A little may well go a long way – and, of the trio of narrative sequences here, all told by the same man, the first is by far the most satisfying. That conceded, a spiralling sharpness, suggestive of the way a mind ages, prevails, and this short, elegant, stylised novella by a major Brazilian film scholar could as easily be titled The Changing Faces of Love.
P, the narrator, does not like his name, with good reason, as it is Polydoro, given in honour of his great-grandfather. The narrator is sufficiently headstrong to insist that no one use it. Interestingly, later in life he meets up with a troubled woman who pleads for an aspirated “H” to preface any utterance of her name. Eccentricity emerges as a minor theme in a work concerned with the communal quest for happiness in the form of love.
P is wealthy and, in addition to his obvious self-absorption, is also interested in politics. Set in São Paulo in the early 1970s, the action might well take place a century earlier. The huge influence of the Brazilian master Machado de Assis (1839-1908) presides over the narrative and, with it, his quasi-European tone. P lives in an old- money neighbourhood reminiscent of that in de Assis’s classic Dom Casmurro (1899).
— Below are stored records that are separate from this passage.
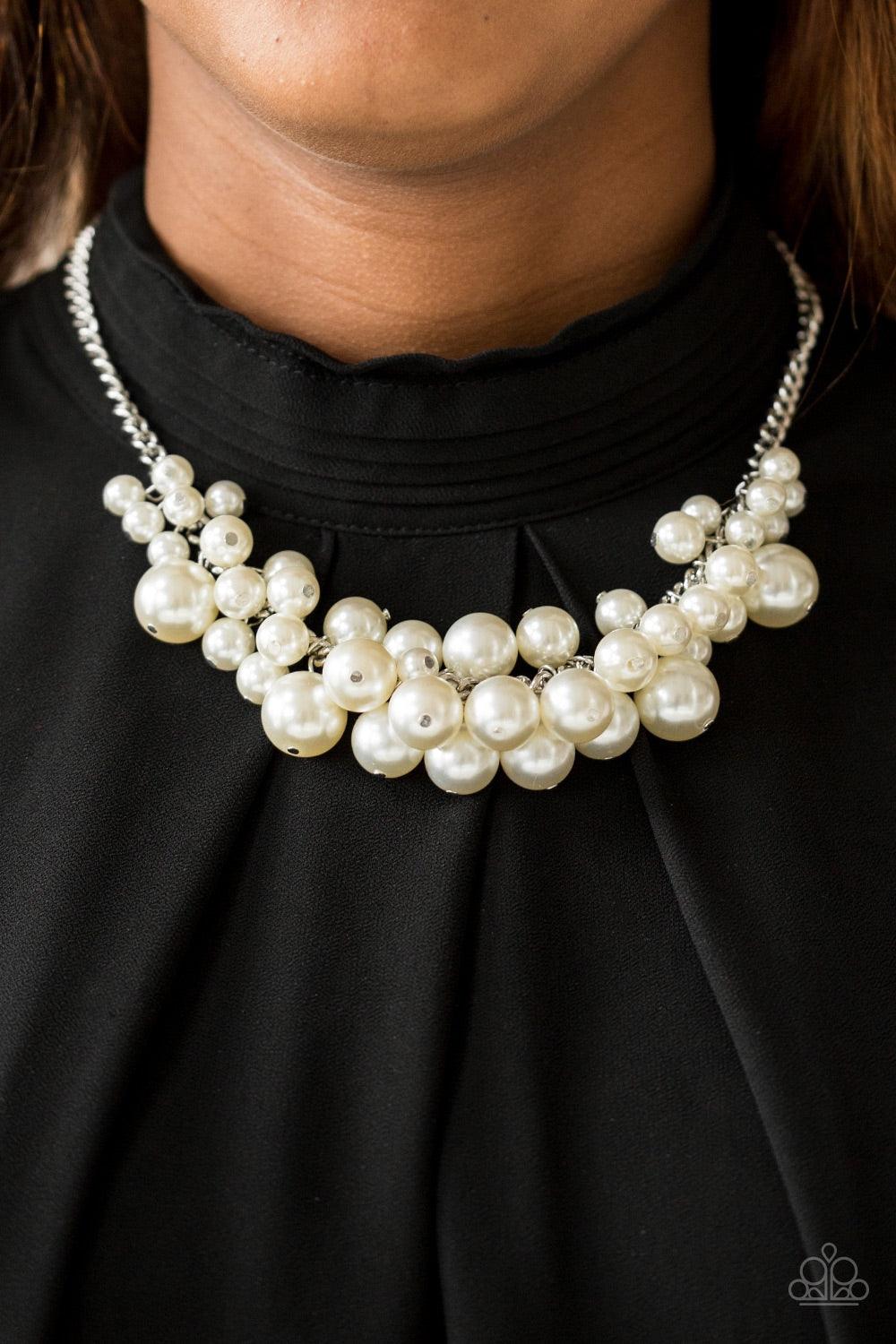 Paparazzi Accessories Glam Queen - White Varying in size, bubbly white pearls cascade from the bottom of a bold silver chain, creating a dramatically clustered fringe below the collar. Features an adjustable clasp closure. Jewelry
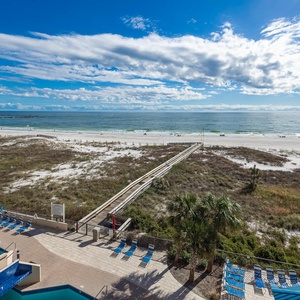 Gaze at the inviting pool area, with lounge chairs and easy access to the beach just steps away from your retreat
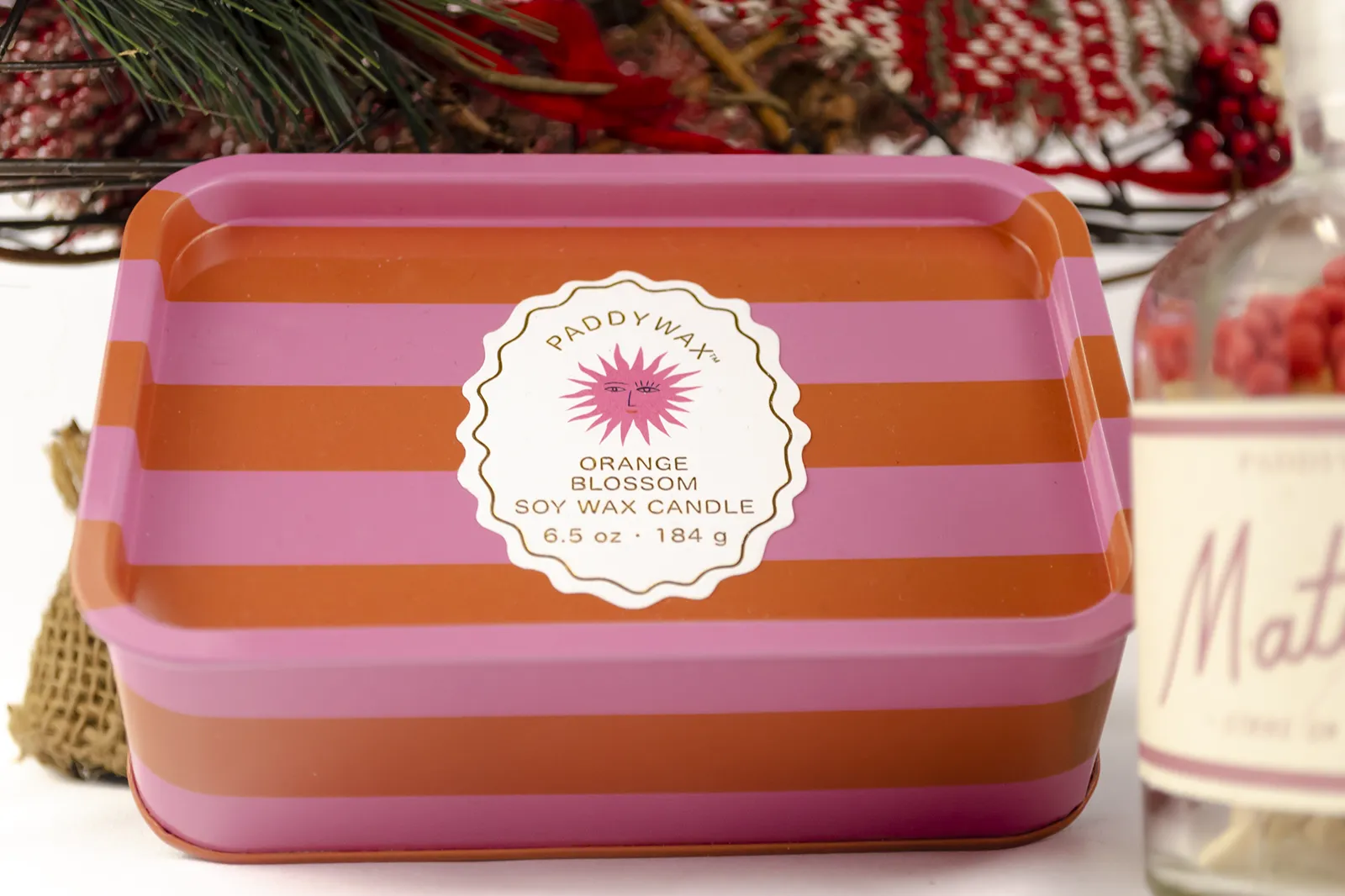 Caja Musuka “Regalo de Navidad 12" que contiene: Una vela en lata Paddywax “Orange Blossom”, y una botella con cerillas “Paddywax”.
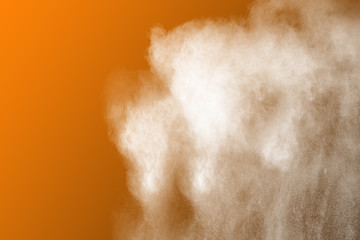 White powder explosion on orange background.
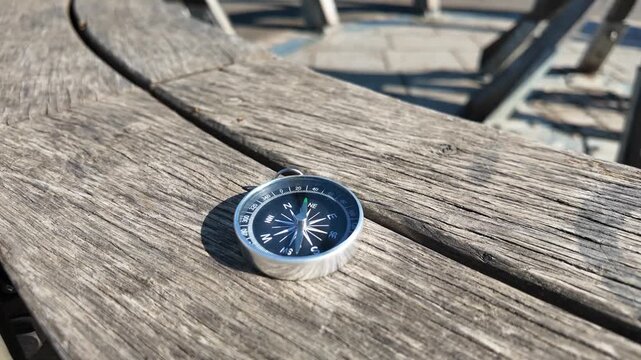 Compass on Wooden Bench for Hiking Navigation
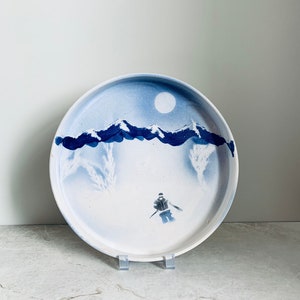 Puede incluir: Un plato de cerámica blanco con una escena de invierno azul y blanco. La escena representa a un esquiador en primer plano, montañas en el fondo y una luna llena en el cielo.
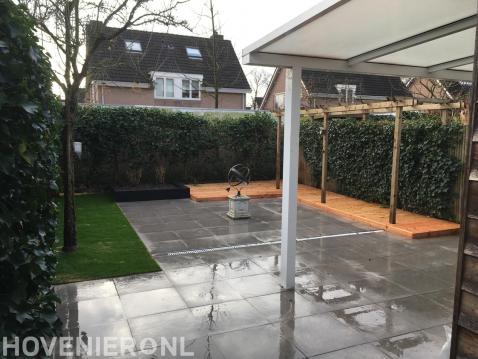 Tuinaanleg met bestrating, kunstgras en houten vlonder en pergola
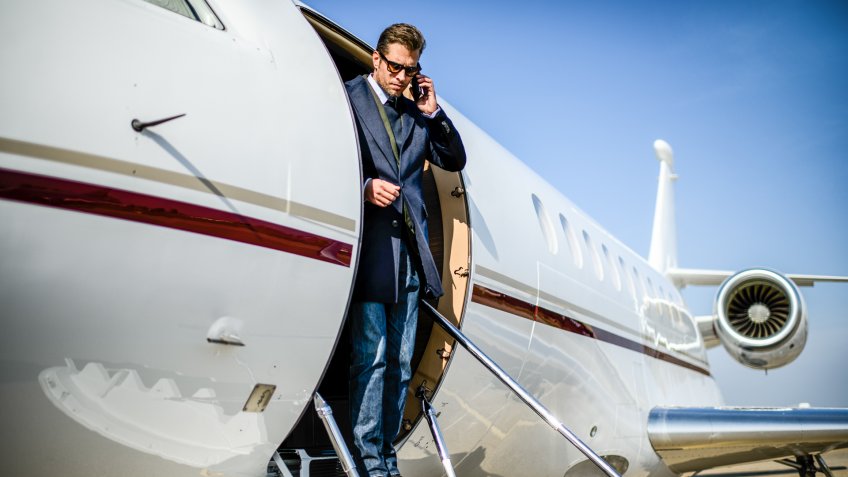 Man wearing elegant clothes exiting the private jet airplane and talking over mobile phone.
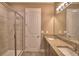 Bathroom featuring double vanity, glass shower, tiled floors, and neutral colors at 1100 Sugarwood St, Davenport, FL 33837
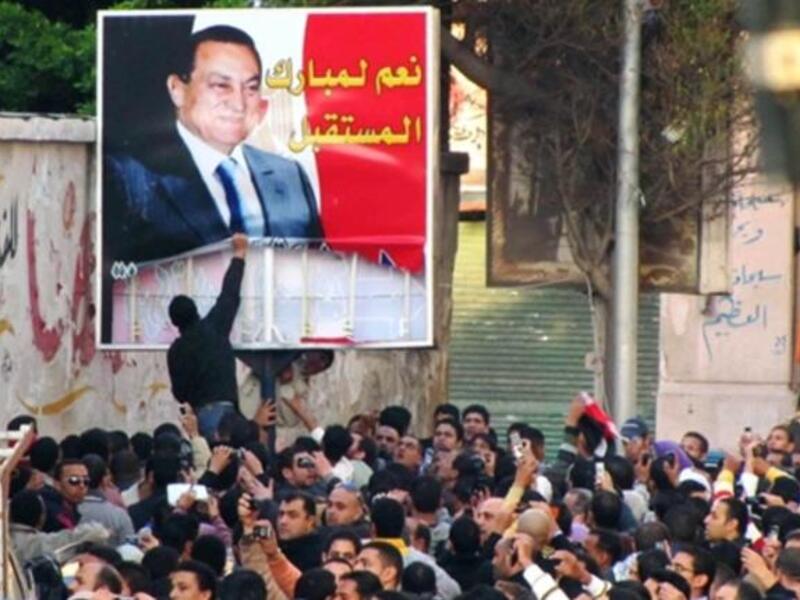 EGYPT: Egyptian demonstrators tear down a poster of Egyptian President Hosni Mubarak in the Mediterranean coastal city of Alexandria on January 25, 2011.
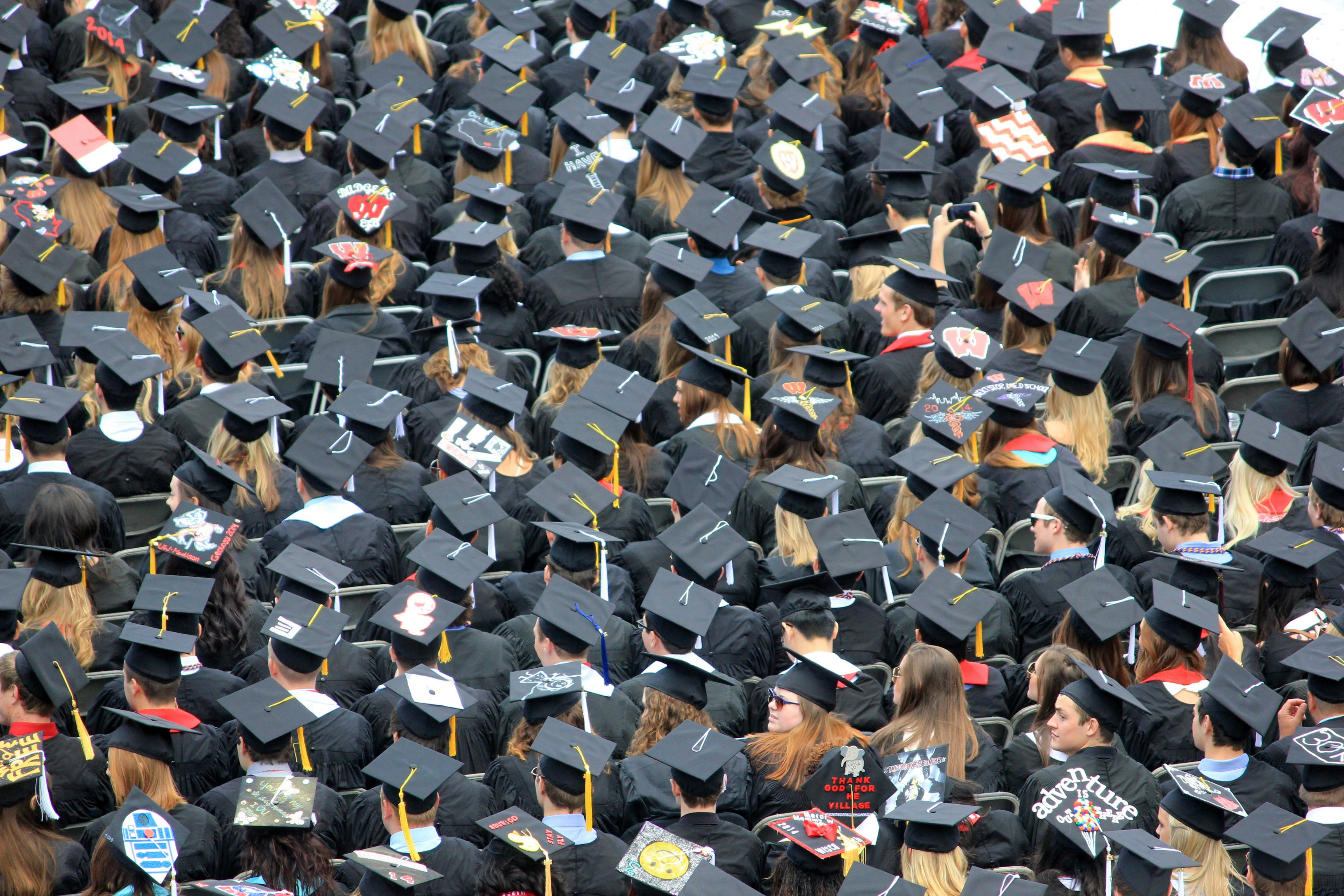 A crowd of students wearing their caps and gowns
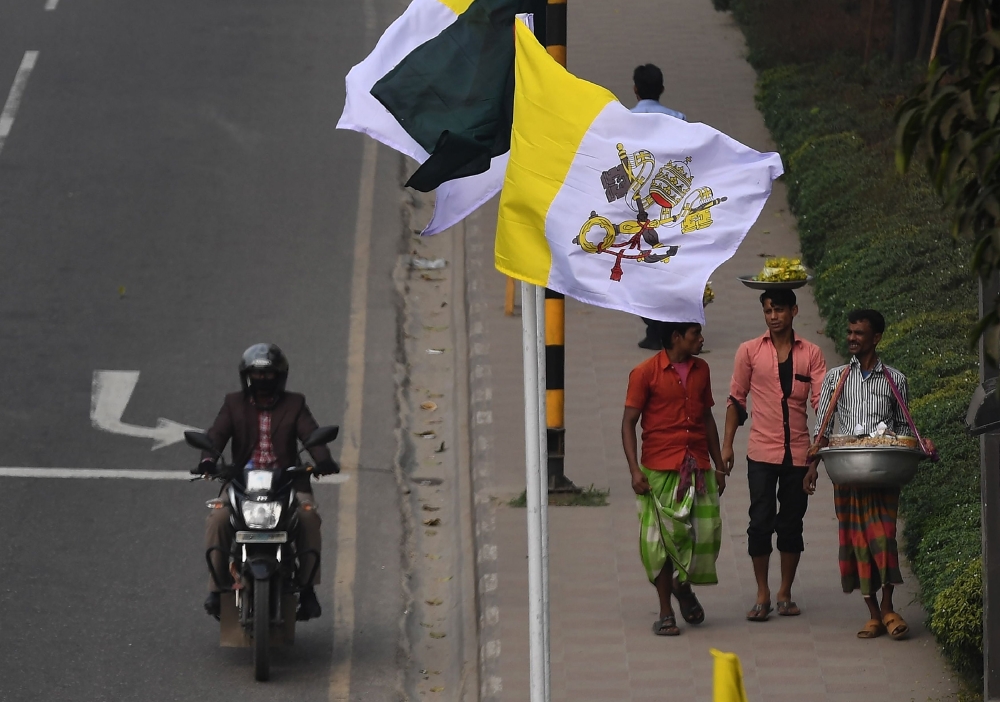 Vehicles pass by the flags of Bangladesh and Vatican City ahead of the visit of Pope Francis in Dhaka on Wednesday. — AFP
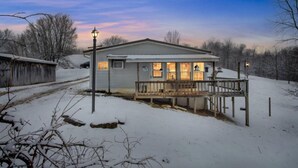 Une maison de plain-pied avec un porche et une terrasse, entourée d’un paysage enneigé et d’arbres.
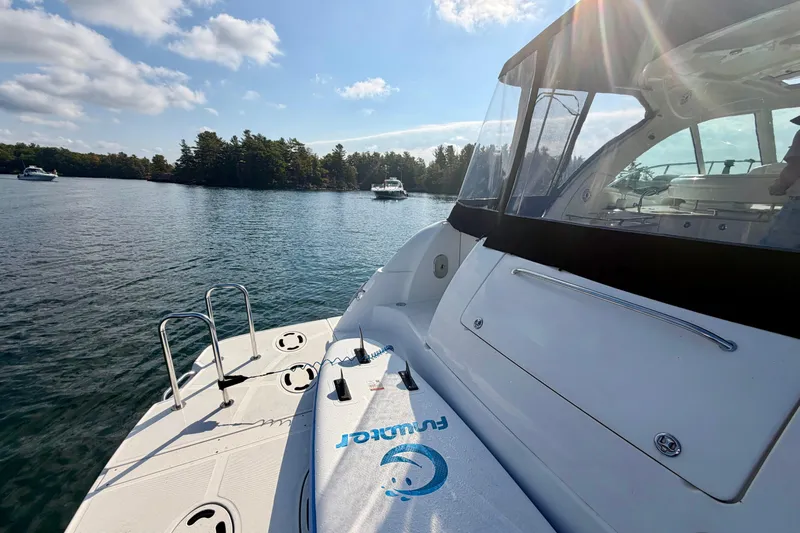  Yacht Photos Pics 2009 Sea Ray 48 Sundancer yacht on serene lake with clear skies and distant boats.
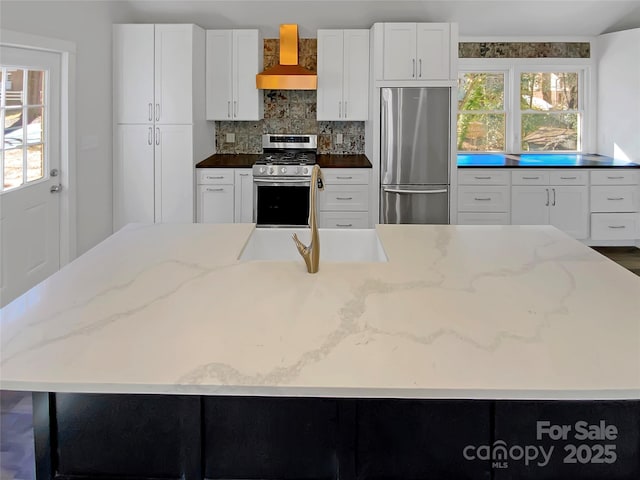 kitchen featuring wall chimney exhaust hood, sink, white cabinetry, stainless steel appliances, and a large island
From the witty, poignant opening sentences of the first sequence, Twice With Helena, Gomes, by his use of tone, pays obvious homage to de Assis. “If it hadn’t been for my arthritis I would never have met Helena again. I realise it’s inappropriate to begin a story of youth by alluding to arthritis, my own or hers, but the truth is that without this malady, our meeting in São Pedro 30 years later would never have occurred.”
Hints of a doomed romance surface and inspire an instant sympathy for the narrator, who refers to the “ardent supplications” directed heavenwards in the hope that he may be reunited with the love of his life. His attitude appears ironic and sophisticated, yet there is also a winning trace of pain: “if one stops to think about it, a man and a woman who are both over 50, arthritic, affluent, and living in São Paulo would sooner or later be bound to turn up at the same time in . . . the spa village where bourgeois and middle-class rheumatics reserve rooms in two or three principal hotels.”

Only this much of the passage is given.